Segment Start: Data shown

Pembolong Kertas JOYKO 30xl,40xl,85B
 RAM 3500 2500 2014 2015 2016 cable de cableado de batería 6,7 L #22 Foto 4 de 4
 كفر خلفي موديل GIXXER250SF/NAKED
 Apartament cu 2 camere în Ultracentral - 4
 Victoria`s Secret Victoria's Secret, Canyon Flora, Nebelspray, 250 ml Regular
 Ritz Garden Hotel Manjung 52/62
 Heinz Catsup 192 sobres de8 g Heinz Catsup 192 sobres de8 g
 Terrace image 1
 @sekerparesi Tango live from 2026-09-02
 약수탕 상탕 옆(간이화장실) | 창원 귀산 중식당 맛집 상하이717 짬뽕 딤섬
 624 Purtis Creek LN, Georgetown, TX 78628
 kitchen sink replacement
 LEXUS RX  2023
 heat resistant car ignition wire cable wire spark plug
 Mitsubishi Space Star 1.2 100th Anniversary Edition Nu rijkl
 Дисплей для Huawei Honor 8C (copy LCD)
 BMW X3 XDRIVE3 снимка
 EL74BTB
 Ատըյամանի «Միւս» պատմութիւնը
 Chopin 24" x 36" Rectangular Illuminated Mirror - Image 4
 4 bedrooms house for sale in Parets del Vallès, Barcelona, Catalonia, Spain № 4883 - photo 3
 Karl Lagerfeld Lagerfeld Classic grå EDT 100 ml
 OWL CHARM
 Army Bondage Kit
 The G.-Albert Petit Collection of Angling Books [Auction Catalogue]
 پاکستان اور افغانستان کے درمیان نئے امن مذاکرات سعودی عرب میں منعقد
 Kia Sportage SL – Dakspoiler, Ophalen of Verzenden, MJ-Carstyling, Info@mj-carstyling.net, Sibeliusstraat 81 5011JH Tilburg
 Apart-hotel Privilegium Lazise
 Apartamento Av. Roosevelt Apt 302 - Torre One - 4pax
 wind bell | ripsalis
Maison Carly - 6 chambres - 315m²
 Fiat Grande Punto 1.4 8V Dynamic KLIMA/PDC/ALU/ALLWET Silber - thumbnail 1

Segment End: Data shown

Output the material above exactly, but only from the line that carries "250 ml Regular" through the line that carries "Mirror - Image 4".

 Victoria`s Secret Victoria's Secret, Canyon Flora, Nebelspray, 250 ml Regular
 Ritz Garden Hotel Manjung 52/62
 Heinz Catsup 192 sobres de8 g Heinz Catsup 192 sobres de8 g
 Terrace image 1
 @sekerparesi Tango live from 2026-09-02
 약수탕 상탕 옆(간이화장실) | 창원 귀산 중식당 맛집 상하이717 짬뽕 딤섬
 624 Purtis Creek LN, Georgetown, TX 78628
 kitchen sink replacement
 LEXUS RX  2023
 heat resistant car ignition wire cable wire spark plug
 Mitsubishi Space Star 1.2 100th Anniversary Edition Nu rijkl
 Дисплей для Huawei Honor 8C (copy LCD)
 BMW X3 XDRIVE3 снимка
 EL74BTB
 Ատըյամանի «Միւս» պատմութիւնը
 Chopin 24" x 36" Rectangular Illuminated Mirror - Image 4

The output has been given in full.